As a UN Youth Representative for the WNBA and the daughter of a teacher, these problems are extremely close to my own heart. I have been lucky enough to have a supportive network with ample resources encouraging me to further my own education. Unfortunately the number of children who lack that same support is staggering.  Malala is one such case that deserves the world’s attention. In 2012, Malala was a bright young fifteen year old Pakistani girl with the world laid out in front of her. She believed in her right to education, and espoused those values on her personal blog. She identified the injustices against her gender, and shamed those who believe that women belong in the home rather than in the public sphere. One day on her way to school, male terrorists boarded her bus. They said, “Who is Malala?” and said that they would kill everyone aboard until they found her. These men shot Malala in the head along with two of her friends, because she dared to speak up on behalf of girls seeking an education. These men tried to silence her voice with force and violence.

They were not successful. Like a true-life superhero, Malala miraculously survived the attack and recovered after being moved to the United Kingdom. While some might have been silenced after such a despicable outbreak of violence, Malala has shown courage, bravery, and eloquence beyond her years. She came to the UN for this event- her first public appearance since the attack- and has strengthened her position on universal education for all. She credits her faith, parental support, and moral conviction for her recovery and bravery.

malala2

For the full video of Malala’s speech, click here.

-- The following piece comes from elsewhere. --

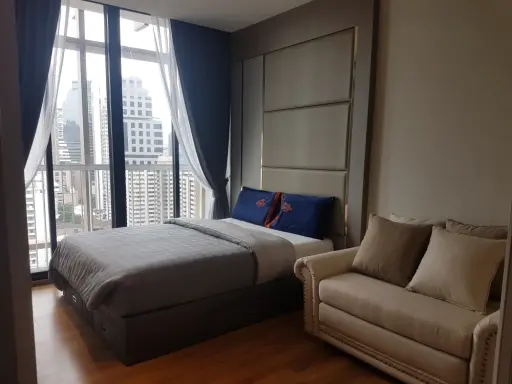 🏠🌃 ให้เช่า คอนโด พาร์ค 24 ออริจิ้น พร้อมพงษ์ 🏠🌃 images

There was hardly a dry eye in the room as Malala spoke in front of Secretary General Ban Ki-moon, her parents, and her peers. She inspired us all to take a stand for education both in our personal lives and in the global sphere for others. As we learned throughout the day at subsequent information fairs and panels, universal education has the potential to fix other problems such as poverty, health, and food shortages. With education those in developing countries could help fix the high mortality rates of pregnant females in their communities, learn sustainable agrarian techniques to feed the hungry, and practice leadership to address local problems within their societies. It all starts with education. It is Malala’s goal to have every child in school by 2015. She presented a petition with millions of signatures to the UN hoping to achieve that goal. Click here to sign Malala’s petition, sponsored by A World at School.

I couldn’t have been happier to meet with young people from around the world who shared my interests in global education. To hear their own stories about educational problems in their home countries was nothing short of heartbreaking. At the information fair I learned of campaigns from the Girl Scouts to help empower girls abroad, met with representatives from UNESCO to learn about their educational initiatives, and talked toWomen Thrive Worldwide about their awareness campaigns on women and education. Following the information fair we could choose different panels to attend. I participated in a grass-roots organizing workshop, in which we were given a topic and as a team worked together to develop a campaign around it, guided by the United Nations Girls Education Initiative. Following this workshop I participated in an online organizing event sponsored by A World at School and UNICEF. Different presenters, including Girl Rising and President Obama’s 2012 Social Media Director, talked about the importance of online communication and the best practices for building an audience for awareness campaigns.

Malala Day was one of the best days of my short professional career, as I got the chance to learn and grow with people from all over the world. I am so grateful for the opportunity to participate and will hold Malala’s virtues in my heart forever. Her courage and bravery in the face of systemic cultural violence is an inspiration to all.